REPUBLIKA.CO.ID, JAKARTA -- Pengamat transportasi dari Institute for Transportation and Development Policy (ITDP) Yoga Adiwinarto berharap Moda Raya Terpadu (MRT) Jakarta fase II terintegrasi dengan Transjakarta. Menurutnya, integrasi fisik harus diwujudkan di semua stasiun MRT dan halte Transjakarta di sepanjang Bundaran Hotel Indonesia (HI)-Kota tersebut.
"Integrasi MRT-Transjakarta merupakan sebuah keharusan. Jadi seluruh stasiun MRT harus dapat terhubung secara fisik denga halte Transjakarta terdekat," ujar Yoga kepada Republika, Senin (24/6).
Ia menjelaskan, integrasi fisik di jalur MRT fase II harus benar-benar dilakukan agar tak mengulang kesalahan yang sama pada fase I. Sebab, kata dia, di beberapa stasiun MRT sepanjang Lebak Bulus-Bundaran HI tidak terhubung langsung dengan halte Transjakarta.
Selain itu, menurut Yoga, tarif MRT Jakarta cukup mahal jika dibandingkan dengan tarif Transjakarta. Tarif MRT berkisar Rp 3.500 sampai Rp 14 ribu, sementara Transjakarta menetapkan tarif flat hanya Rp 3.500.
Untuk itu, Yoga menuturkan, diperlukannya rancangan skema integrasi tarif antara MRT dan Transjakarta baik itu untuk bus pengumpan maupun BRT (bus rapid transit). Sehingga, penumpang tak perlu membayar berkali-kali untuk berpindah antarmoda di Ibu Kota.

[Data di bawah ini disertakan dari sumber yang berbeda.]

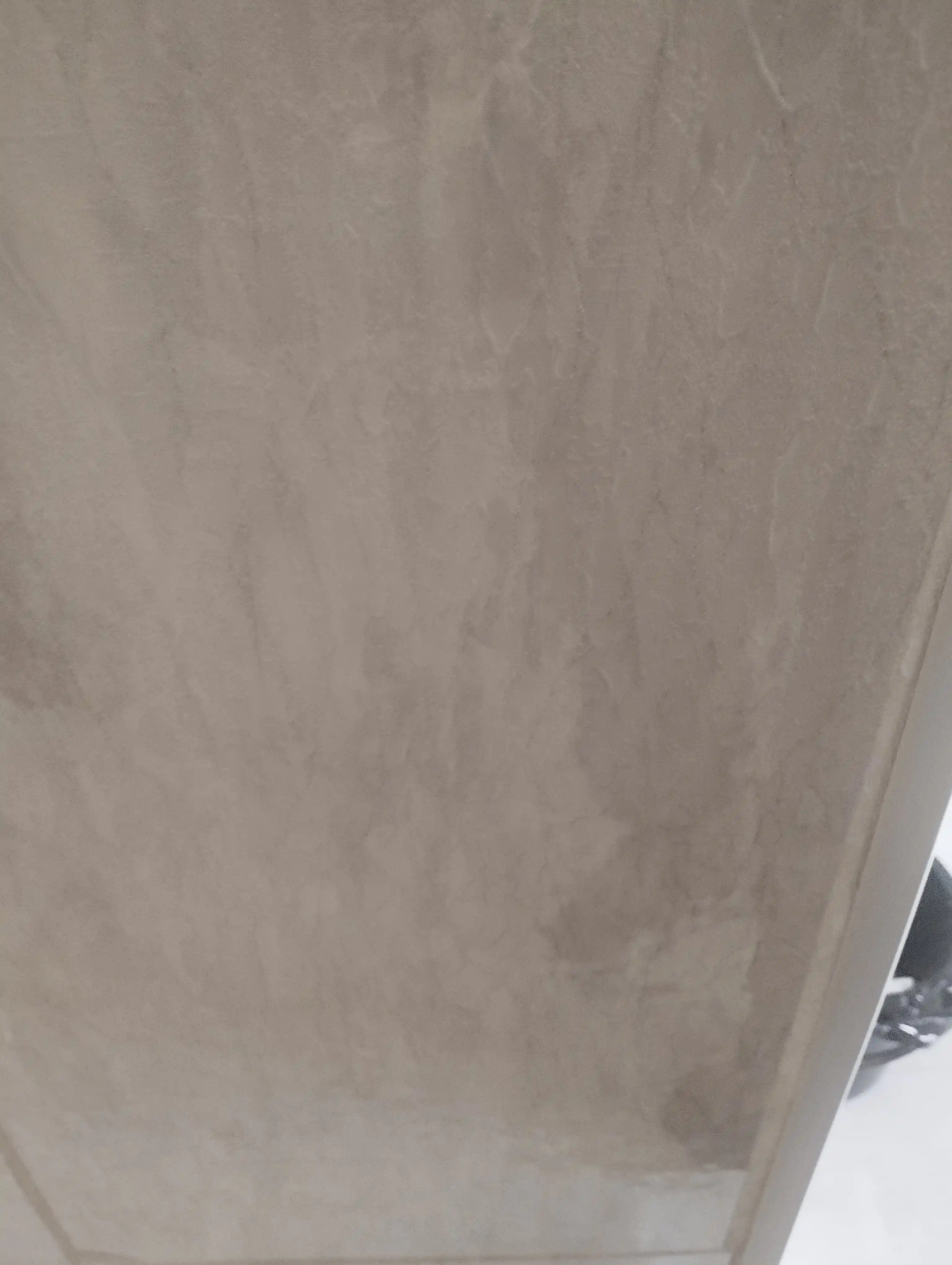 Mebel, oboy va eshiklar uchun tirnashdan saqlovchi shaffof plyonka BobrikGora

"Mungkin dapat diterapkan skema tarif maksimal Rp 14 ribu yang berlaku selama tiga jam, jika penumpang menggunakan MRT dan BRT. Ini kan menghemat pengeluaran," kata Yoga.
Kepala Divisi Sekretaris Perusahaan PT MRT Jakarta Muhammad Kamaluddin memastikan, rencana pembangunan MRT fase II akan terintegrasi secara fisik dengan halte Transjakarta. Menurutnya, halte Transjakarta akan dibangun kembali di atas stasiun MRT.
"Iya rencananya akan kita bangun halte-halte baru tepat di atas stasiun MRT di sepanjang fase dua ini," tutur Kamal.